Bloated, low-tax lifestyle
It becomes more unpredictable still as the Riyadh government burns through its vast financial reserves in order to sustain the country's bloated, low-tax lifestyle.
The IMF is predicting a budget deficit of nearly 20% this year. (If that were in the UK, it would be more than £300bn in one year).
The House of Saud could afford to keep going at that level for around five years, but there will be political as well as financial tensions at work if it does so.
Other OPEC members, reliant on oil tax receipts to pay government bills, are in even deeper trouble. Libya has both the lower price and a civil war hitting production. Its government deficit is thought to be more than half of all its output this year.
Amidst all this, the immensely complicated conflicts in Syria and across its border with Iraq could blow tear gas into the oil markets, disrupting even further, yet also pushing combatants to maximise oil sales to fund their war efforts.
And it's hard to find anyone who thinks that the climate change summit summit in Paris will make much difference to the market for the dirty black stuff.

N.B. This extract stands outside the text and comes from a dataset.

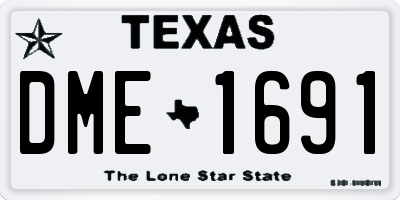 TX license plate DME1691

There is a campaign to keep the oil in the ground, as part of the effort to constrain average temperature rises.
But while prices have dropped, OPEC production has increased from 30 million barrels per day to more than 31 million.
Indonesia has re-joined the cartel, and as that figure doesn't include the contribution from Iran, it seems the 30 million barrel target has become worthless and irrelevant. Could OPEC follow suit?
UK: "sustained fear"
Closer to home, the UK has been producing 1.4 million to 1.5 million barrels per day (or the gas equivalent). Unlike those whose wells are in the desert, it's not viable to switch off offshore production while prices are low.
Output should be about to go up, as Total starts pumping gas from its long-delayed Laggan-Tormore field, west of Shetland.
But the word from Oil and Gas UK is that there is now a "sustained fear" that prices will stay low for a long time.
One of the trade body's senior managers told BBC radio on Wednesday that fields are losing money at current prices, and some aren't even covering their production costs.
The consequence, says, Mike Tholen, will be fewer fields producing by the end of 2016.
And with exploration all but dried up, there won't be fields to replace them.